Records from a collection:
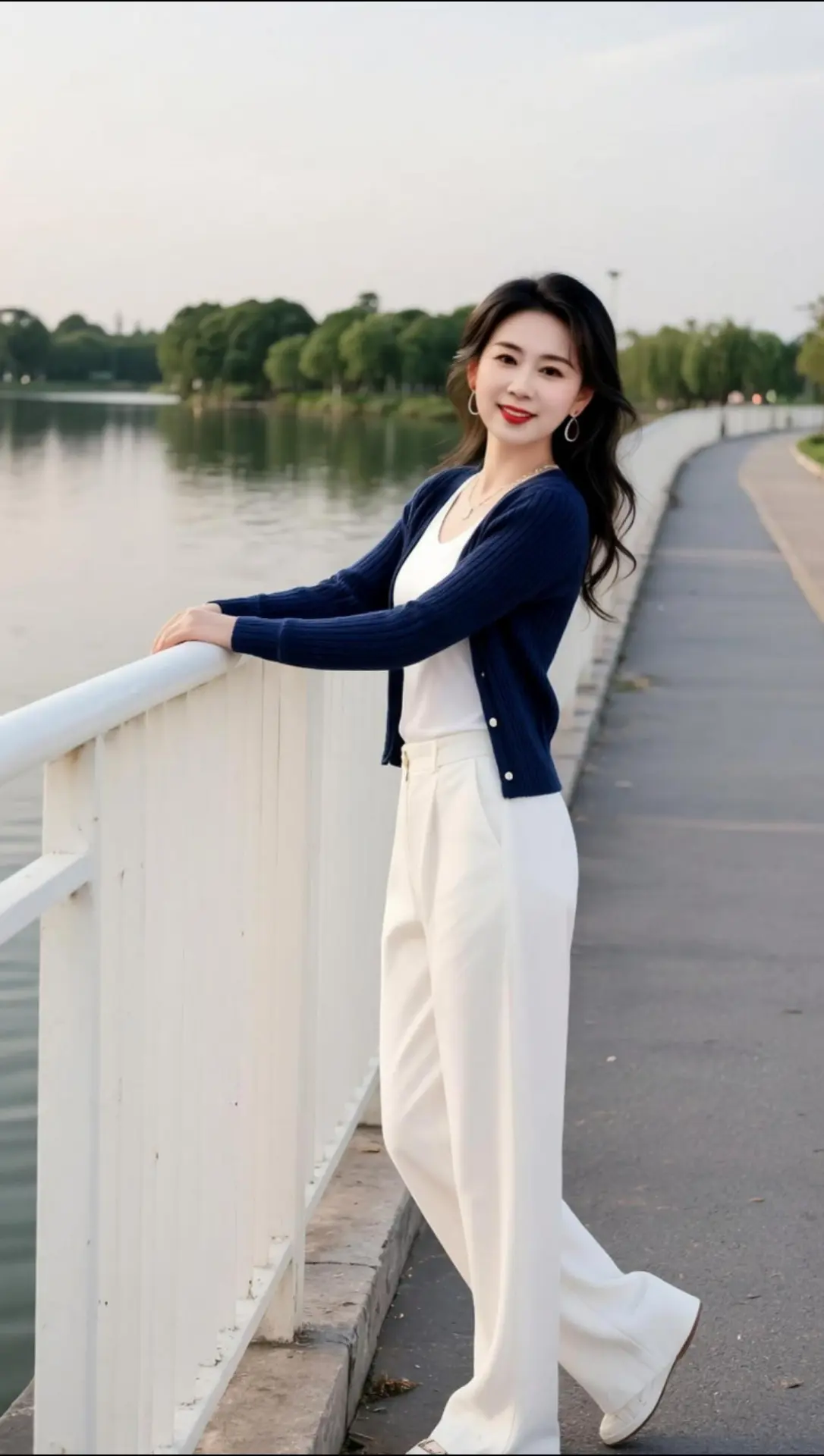 AI湖畔清新照 随变ai随便玩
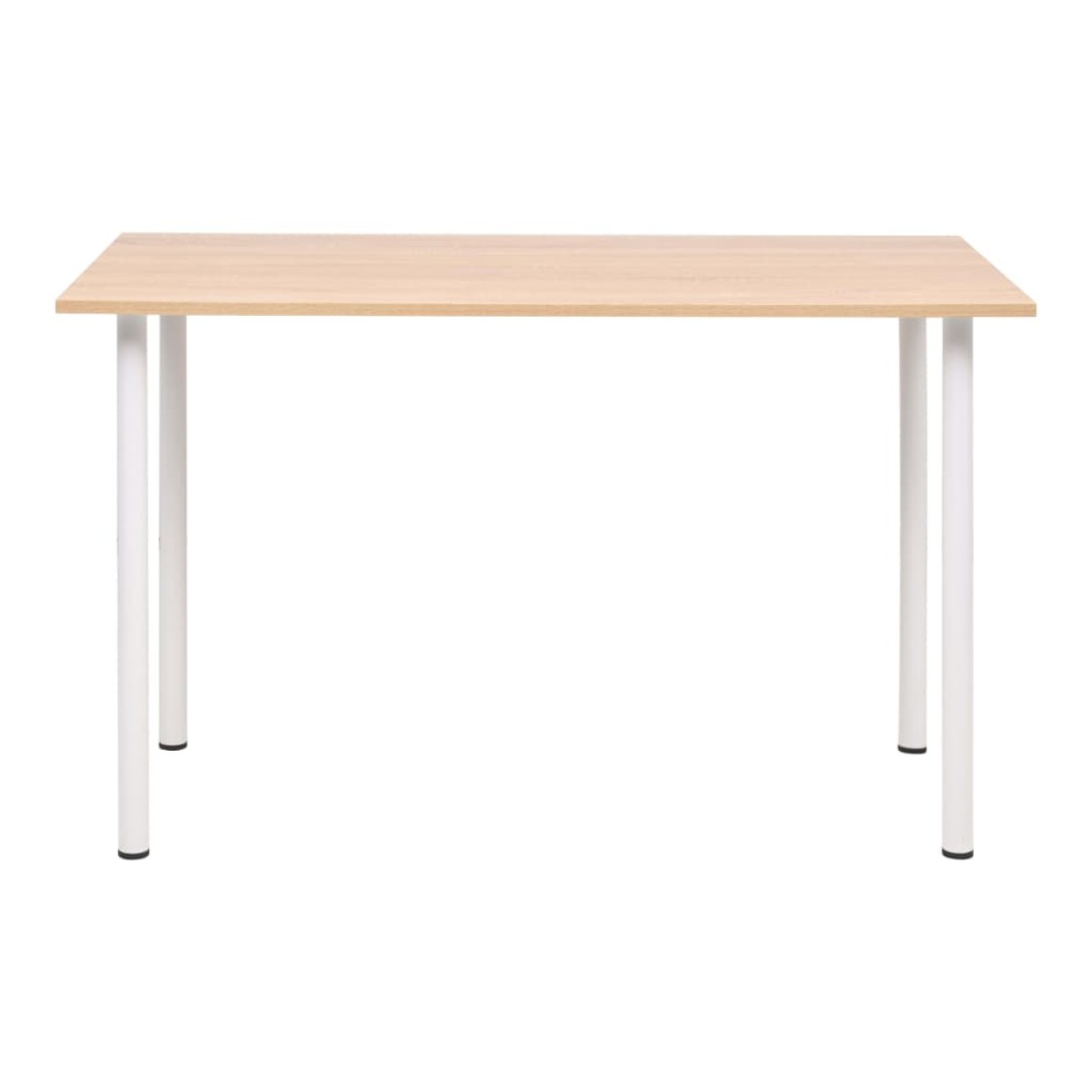 vidaXL Τραπεζαρία Χρώμα Δρυός και Λευκό 120 x 60 x 73 εκ.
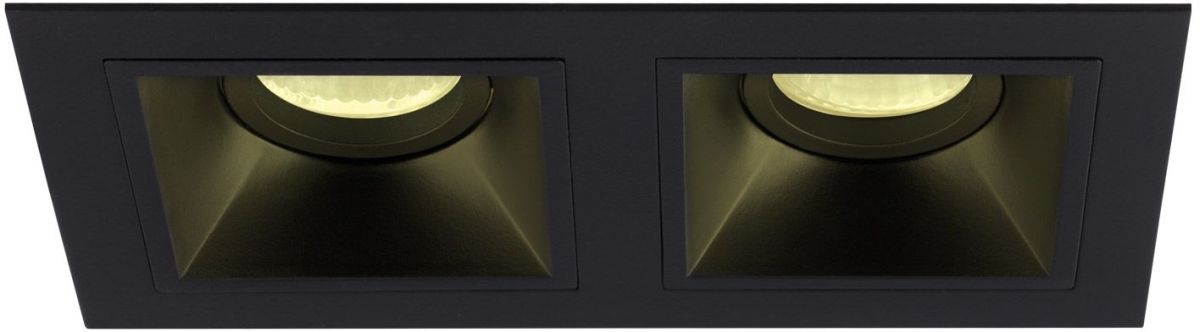 MaxLight Hit II lámpara empotrada 2x50 W negro H0091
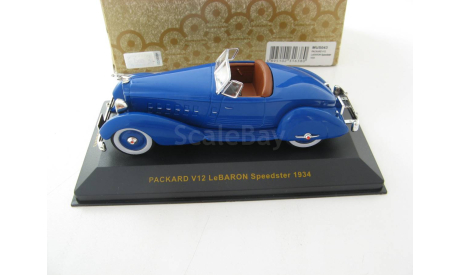 PACKARD V12 LeBARON Speedster Blue 1934 г., масштабная модель, scale43, IXO Museum (серия MUS)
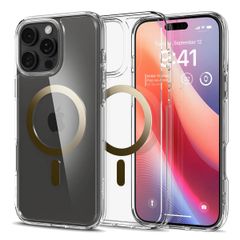 Spigen Ultra Hybrid Backcover MagSafe Apple iPhone 16 Pro Max - Goud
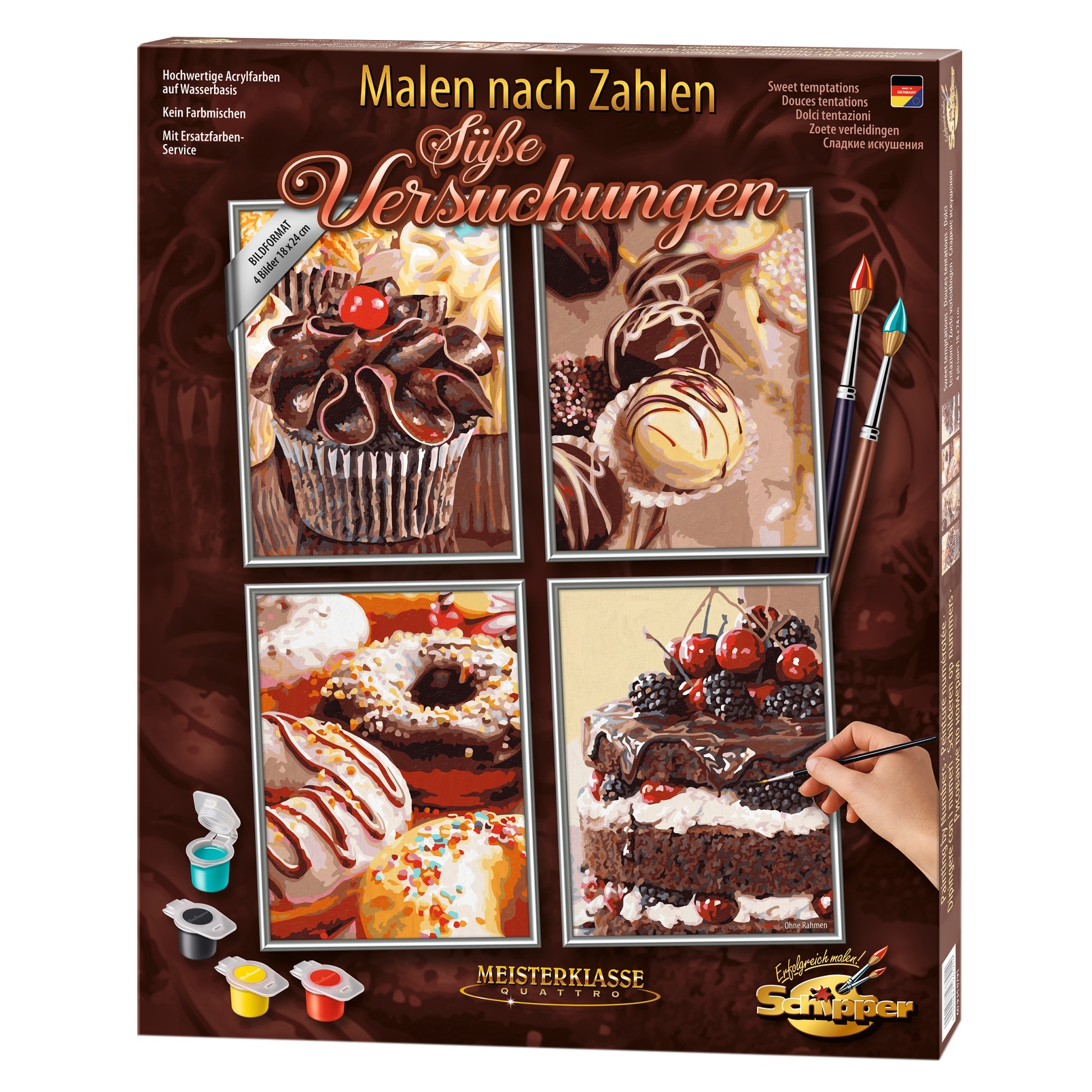 Set pictura pe numere Schipper Quattro- Sweet temptations, 36x48 cm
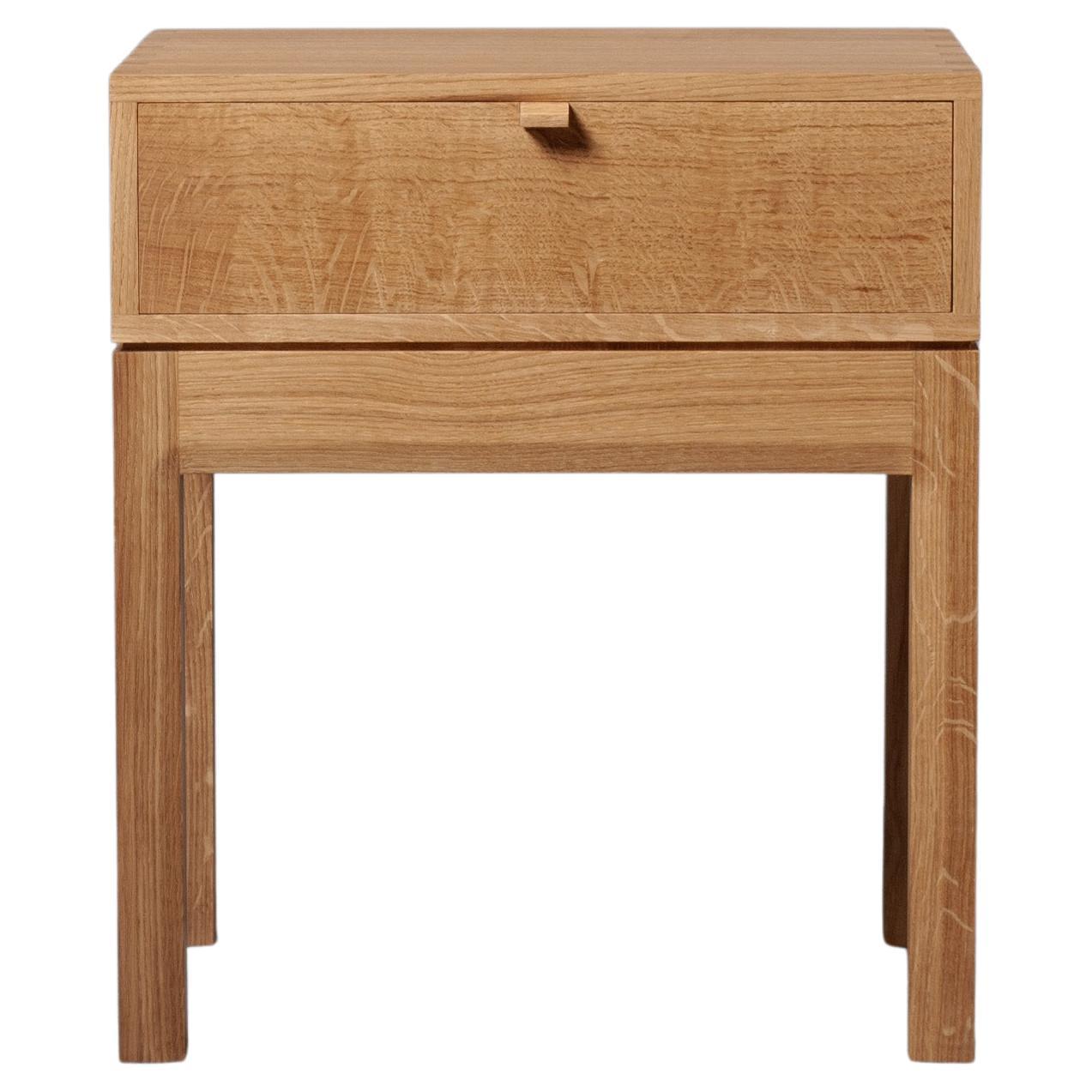 Handcrafted English Oak End Table Night Stand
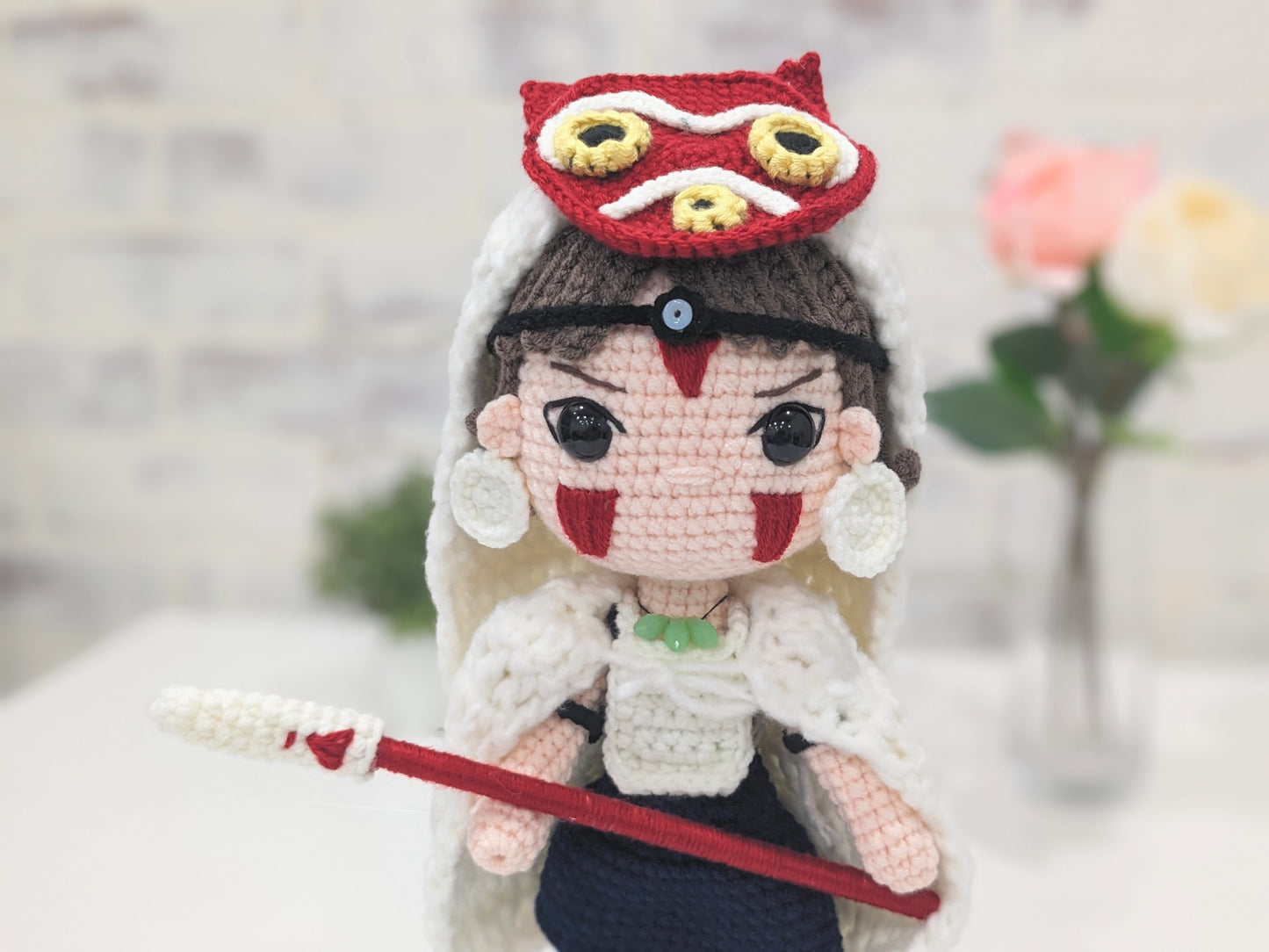 Princess Mononoke Dolls - San and Ashitaka - Handmade Crochet Amigurumi Doll - Made to Order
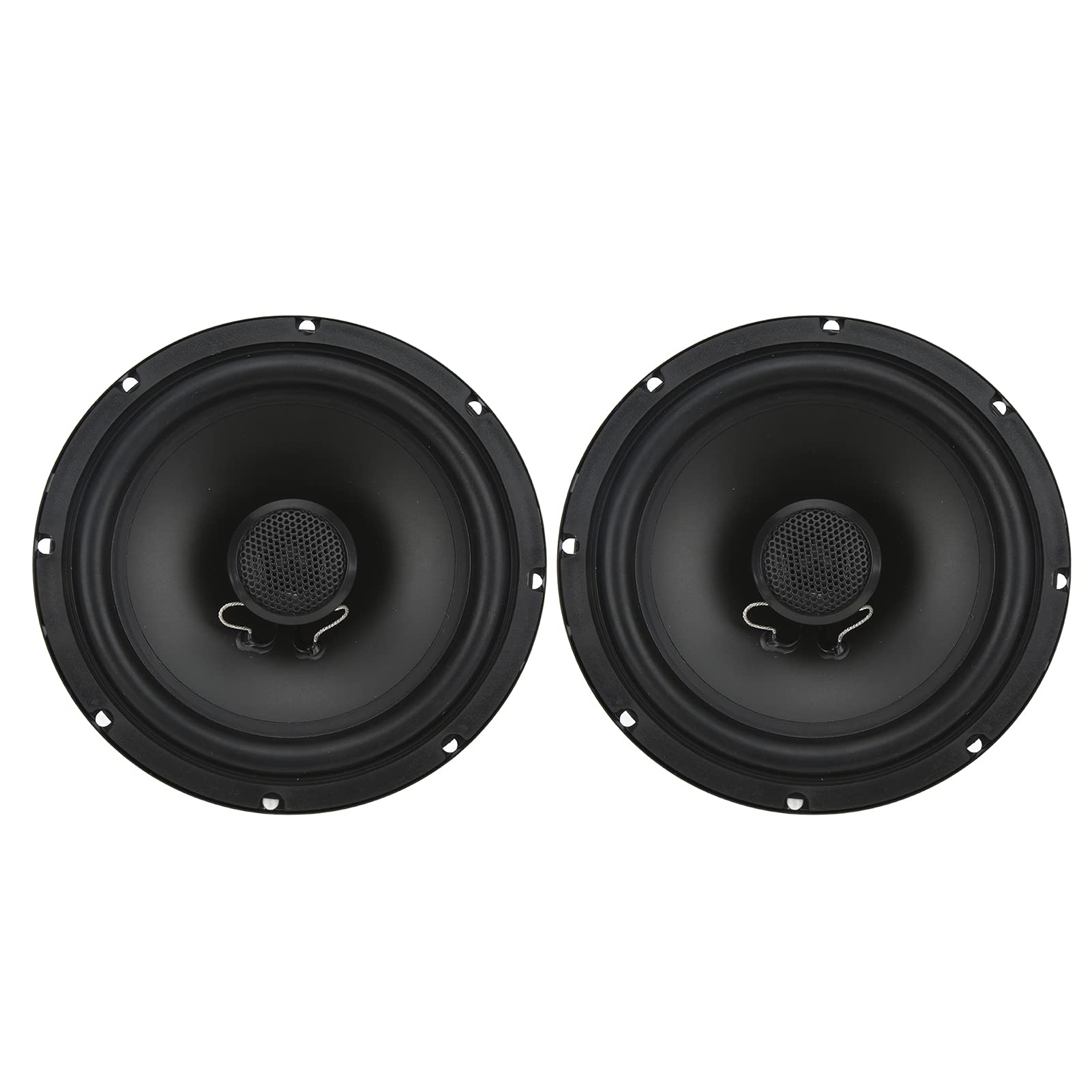 aqxreight 2 szt. Automatyczny Głośnik Wysokotonowy 140 W Maksymalnie 400 W RMS 4 Ω 12 V Czarny Uniwersalny do Samochodowego Systemu Audio Moc Głośnika Wysokotonowego Moc Głośna Spełnia Dobre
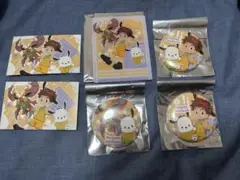 デジモン サンリオ 泉光子郎＆テントモン、ポチャッコ セット売り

**What the exercise asks**
Only exact duplicates of the lines from the one containing "Set pictura pe" through the final line of the entries, both included, are needed, with pictures left out.

**Result for this exercise**
 Set pictura pe numere Schipper Quattro- Sweet temptations, 36x48 cm
 Handcrafted English Oak End Table Night Stand
 Princess Mononoke Dolls - San and Ashitaka - Handmade Crochet Amigurumi Doll - Made to Order
 aqxreight 2 szt. Automatyczny Głośnik Wysokotonowy 140 W Maksymalnie 400 W RMS 4 Ω 12 V Czarny Uniwersalny do Samochodowego Systemu Audio Moc Głośnika Wysokotonowego Moc Głośna Spełnia Dobre
 デジモン サンリオ 泉光子郎＆テントモン、ポチャッコ セット売り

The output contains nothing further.